* [Work required]: Begin at the line that holds "Dantel Detaylı Uzun Kollu Şal Yaka Bluz" and retype every line through the end of the material, both included. Leave out the pictures.

* [Data for processing]:
•••

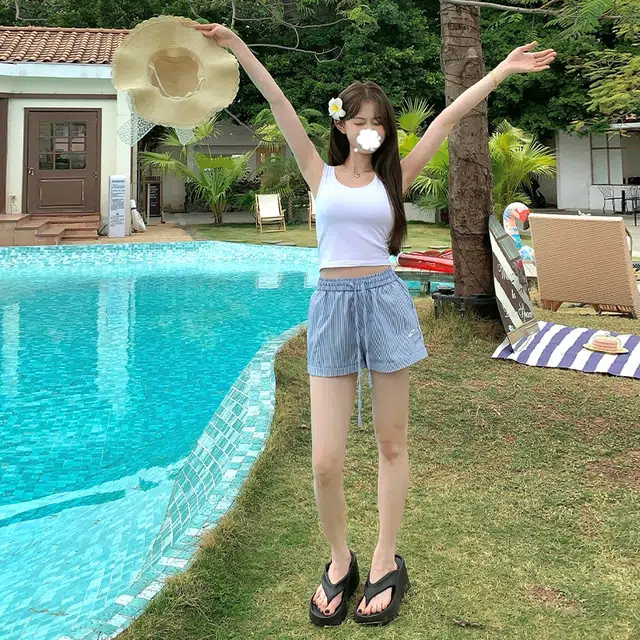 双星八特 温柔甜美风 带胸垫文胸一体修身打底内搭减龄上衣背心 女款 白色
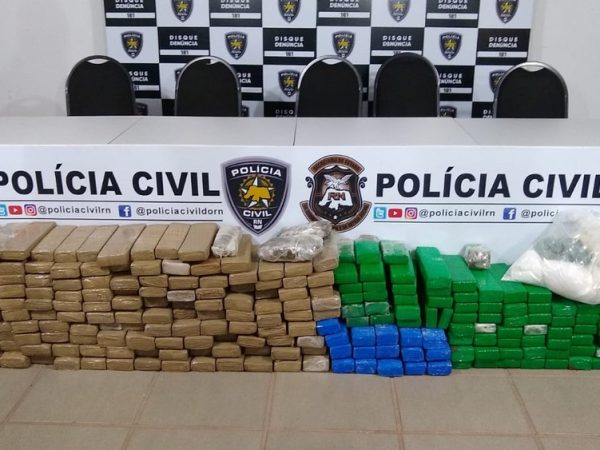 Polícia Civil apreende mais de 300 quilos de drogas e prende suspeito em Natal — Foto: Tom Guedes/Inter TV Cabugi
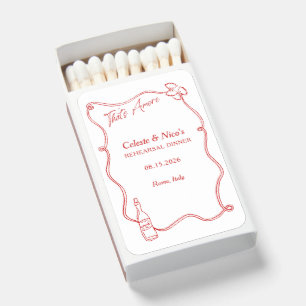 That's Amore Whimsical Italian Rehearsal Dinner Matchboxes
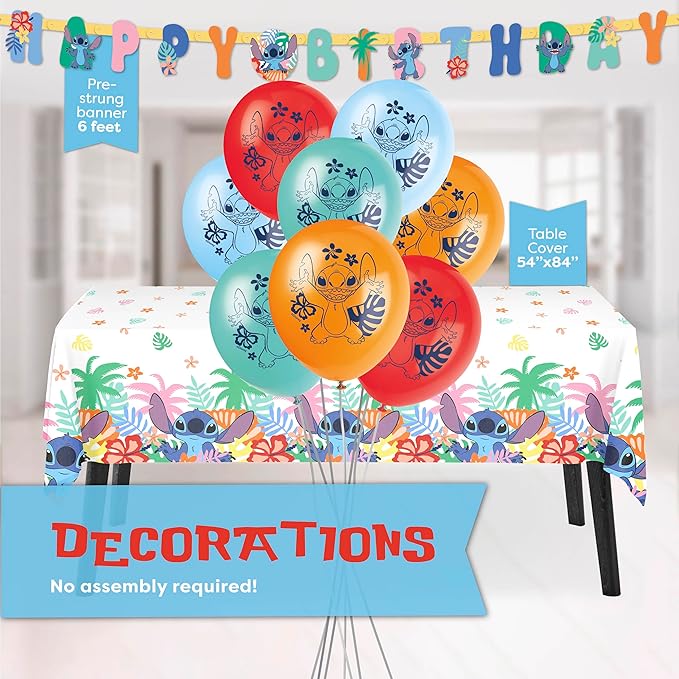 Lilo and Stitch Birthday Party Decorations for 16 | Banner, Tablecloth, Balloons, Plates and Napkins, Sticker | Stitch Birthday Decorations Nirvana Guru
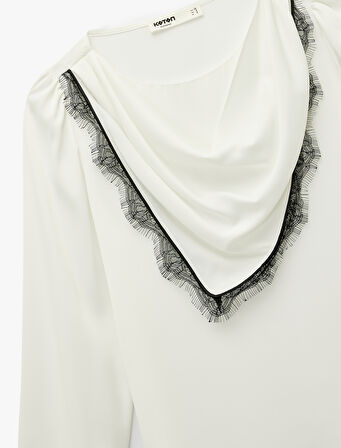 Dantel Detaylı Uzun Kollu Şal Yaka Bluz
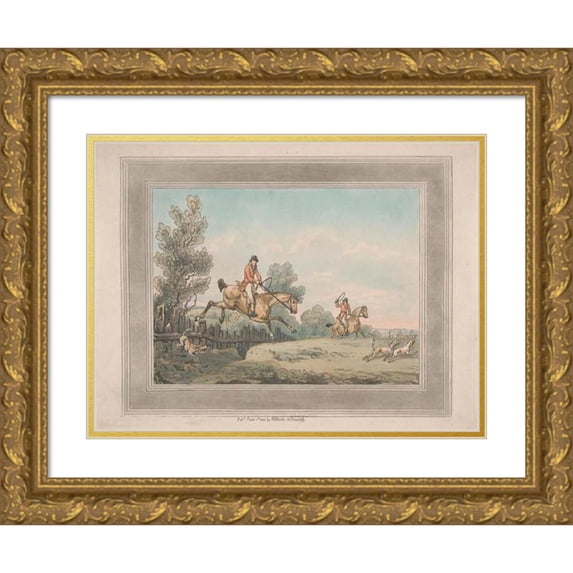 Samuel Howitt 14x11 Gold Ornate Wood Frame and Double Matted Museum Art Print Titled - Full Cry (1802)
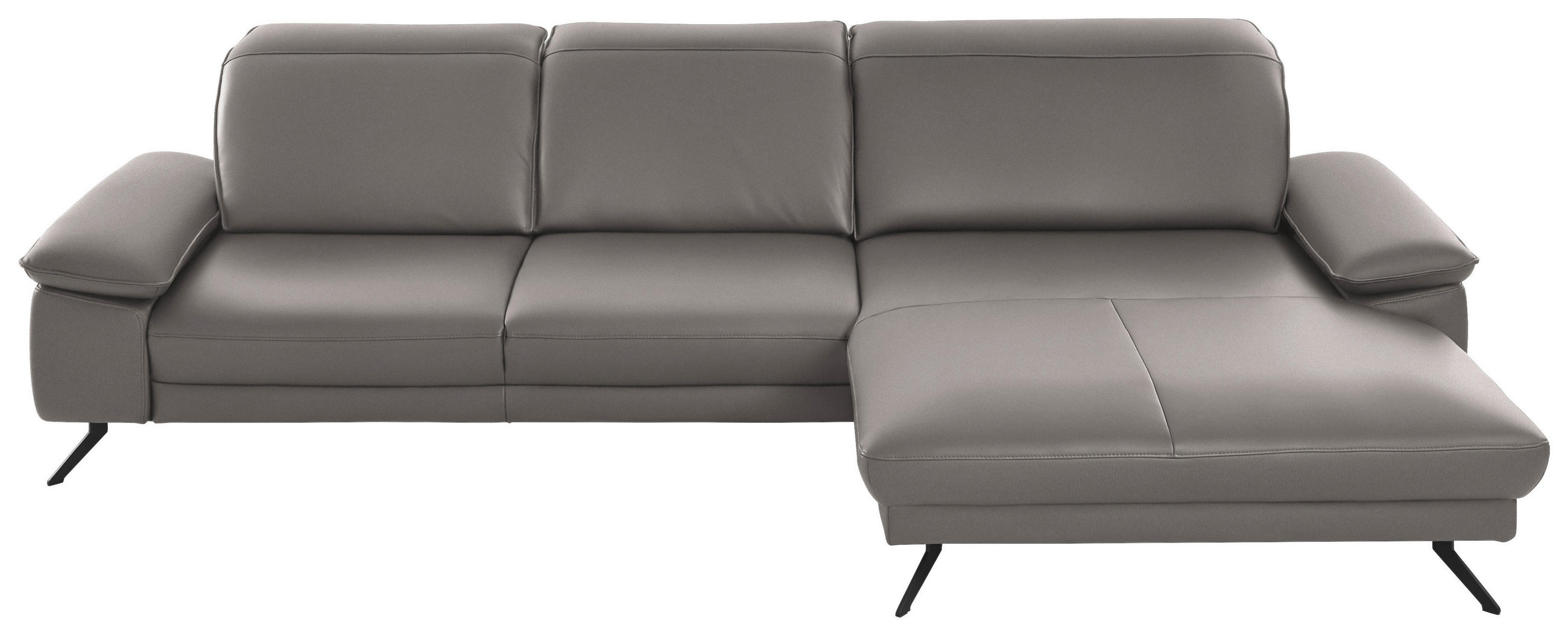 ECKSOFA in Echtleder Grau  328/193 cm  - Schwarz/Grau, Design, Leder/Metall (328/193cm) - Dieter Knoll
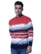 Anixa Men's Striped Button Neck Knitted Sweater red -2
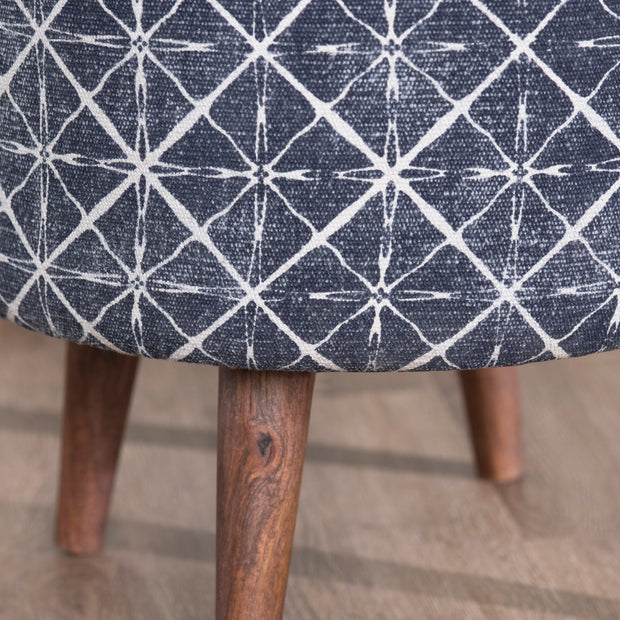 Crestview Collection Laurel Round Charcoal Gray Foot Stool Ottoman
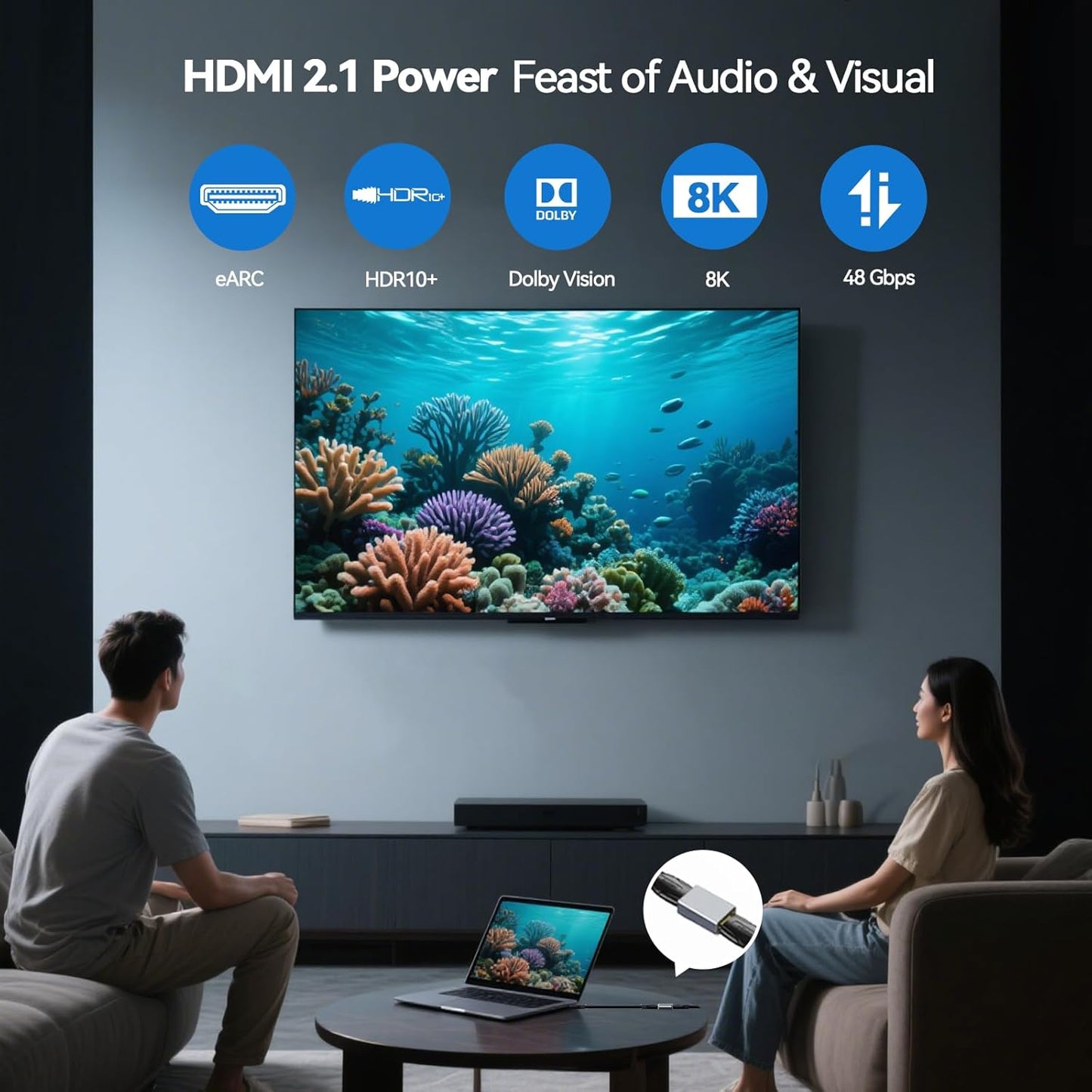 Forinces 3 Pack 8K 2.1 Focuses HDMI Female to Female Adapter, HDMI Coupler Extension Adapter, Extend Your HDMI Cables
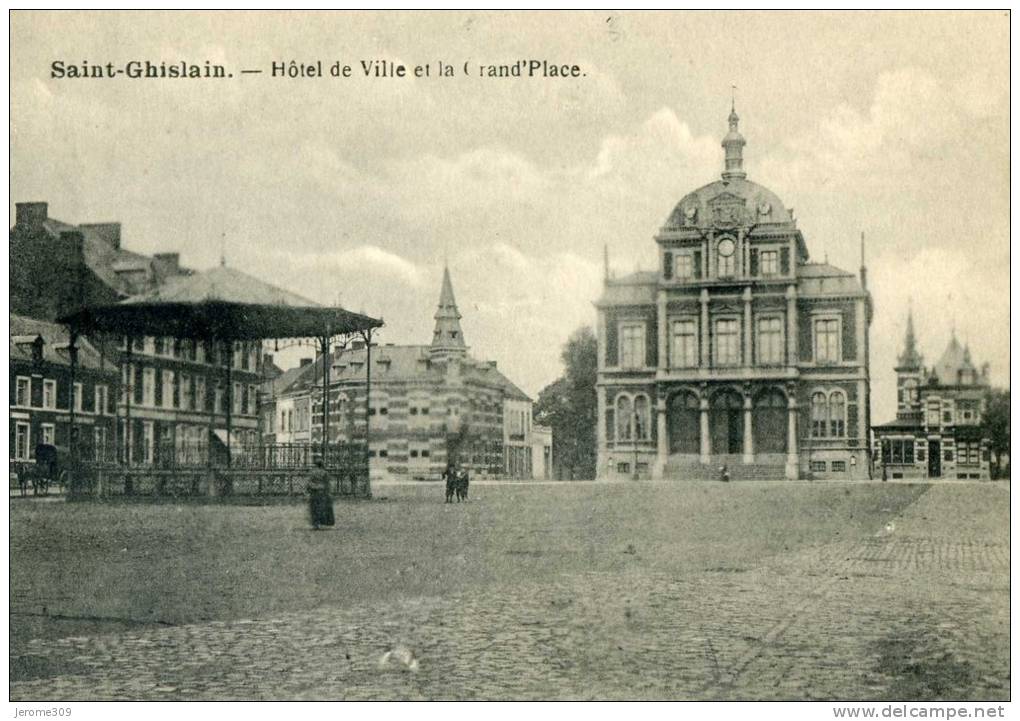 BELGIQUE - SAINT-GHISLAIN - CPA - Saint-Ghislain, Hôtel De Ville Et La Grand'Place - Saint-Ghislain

•••

* [Exercise response]:
 Dantel Detaylı Uzun Kollu Şal Yaka Bluz
 Samuel Howitt 14x11 Gold Ornate Wood Frame and Double Matted Museum Art Print Titled - Full Cry (1802)
 ECKSOFA in Echtleder Grau  328/193 cm  - Schwarz/Grau, Design, Leder/Metall (328/193cm) - Dieter Knoll
 Anixa Men's Striped Button Neck Knitted Sweater red -2
 Crestview Collection Laurel Round Charcoal Gray Foot Stool Ottoman
 Forinces 3 Pack 8K 2.1 Focuses HDMI Female to Female Adapter, HDMI Coupler Extension Adapter, Extend Your HDMI Cables
 BELGIQUE - SAINT-GHISLAIN - CPA - Saint-Ghislain, Hôtel De Ville Et La Grand'Place - Saint-Ghislain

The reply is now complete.